--- START ---

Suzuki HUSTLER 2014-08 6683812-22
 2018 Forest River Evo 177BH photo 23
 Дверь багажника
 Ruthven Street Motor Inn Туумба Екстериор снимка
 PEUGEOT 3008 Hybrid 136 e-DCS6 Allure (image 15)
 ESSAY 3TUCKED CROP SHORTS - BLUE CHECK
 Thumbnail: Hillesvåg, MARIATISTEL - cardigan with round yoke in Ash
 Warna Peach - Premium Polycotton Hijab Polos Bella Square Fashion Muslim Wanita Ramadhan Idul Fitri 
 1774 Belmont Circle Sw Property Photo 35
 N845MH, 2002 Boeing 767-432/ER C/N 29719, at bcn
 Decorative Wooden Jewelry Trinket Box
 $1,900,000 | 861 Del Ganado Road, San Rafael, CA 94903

--- END ---

#### Task statement
Line by line, transcribe all of the records exactly.

#### Solved exercise
Suzuki HUSTLER 2014-08 6683812-22
 2018 Forest River Evo 177BH photo 23
 Дверь багажника
 Ruthven Street Motor Inn Туумба Екстериор снимка
 PEUGEOT 3008 Hybrid 136 e-DCS6 Allure (image 15)
 ESSAY 3TUCKED CROP SHORTS - BLUE CHECK
 Thumbnail: Hillesvåg, MARIATISTEL - cardigan with round yoke in Ash
 Warna Peach - Premium Polycotton Hijab Polos Bella Square Fashion Muslim Wanita Ramadhan Idul Fitri 
 1774 Belmont Circle Sw Property Photo 35
 N845MH, 2002 Boeing 767-432/ER C/N 29719, at bcn
 Decorative Wooden Jewelry Trinket Box
 $1,900,000 | 861 Del Ganado Road, San Rafael, CA 94903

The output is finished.